DIRECT: When and Where Should You Allocate Test-Time Compute in Embodied Planners?
English summary
DIRECT is a routing framework that dynamically allocates test-time compute per prompt in embodied Vision-Language Model (VLM) planners by analyzing multimodal scene context. It examines three scaling axes—chain-of-thought depth, model size, and memory history—and reveals that naively scaling test-time compute yields uneven and often diminishing returns. Experiments on VLABench and RoboMME demonstrate that DIRECT significantly improves the success–cost Pareto frontier over fixed model selection. Validation on a physical Franka arm in a DROID setup shows that the router matches or exceeds a stronger model's success rate while cutting average latency by up to 65%. The results confirm that intelligent compute allocation enables frontier-level embodied planning at a fraction of the cost.
Chinese summary
DIRECT 是一种路由框架,通过分析多模态场景上下文在具身视觉语言模型规划器中动态地为每个提示分配测试时计算。它考察了思维链深度、模型大小和记忆历史三个缩放轴,揭示盲目增加测试时计算会带来不均且常递减的收益。在 VLABench 和 RoboMME 上的实验表明,DIRECT 相较固定模型选择显著改善了成功-成本帕累托前沿。在物理 Franka 机械臂上的验证中,该路由器以最高降低 65% 的平均延迟达到与更强模型相当甚至更高的成功率,证明智能计算分配能以极低成本实现前沿水平的具身规划。
Key points
Introduces DIRECT, a routing framework that allocates test-time compute per prompt in embodied agents based on multimodal scene context.
提出 DIRECT 路由框架,根据多模态场景上下文为每个提示分配测试时计算。
Identifies three scaling axes—chain-of-thought depth, model size, and memory history—where compute investment yields qualitatively distinct and uneven gains.
确定三个缩放轴(思维链深度、模型大小、记忆历史),计算投入在这些轴上产生性质不同且不均的收益。

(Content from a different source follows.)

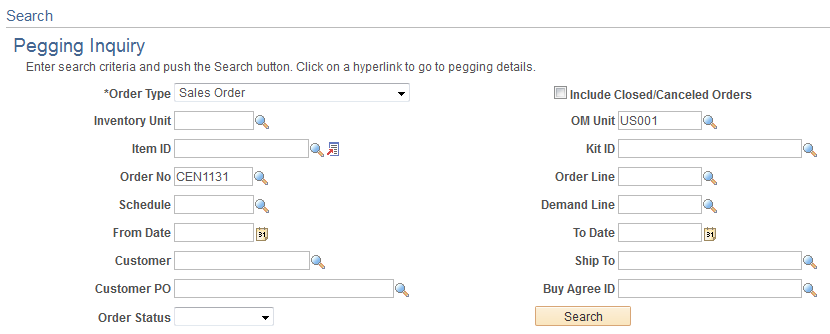 Search - Pegging Inquiry page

Experiments on VLABench and RoboMME show that DIRECT improves the success–cost Pareto frontier over fixed model selection, making naive scaling wasteful.
在 VLABench 和 RoboMME 上的实验证明 DIRECT 比固定模型选择改善了成功-成本帕累托前沿,使盲目扩展变得浪费。
Physical Franka arm validation achieves similar or higher success rate with up to 65% lower average latency, demonstrating real-world efficiency.
物理 Franka 机械臂验证实现相近或更高的成功率,同时平均延迟降低高达 65%,展示了实际部署的效率。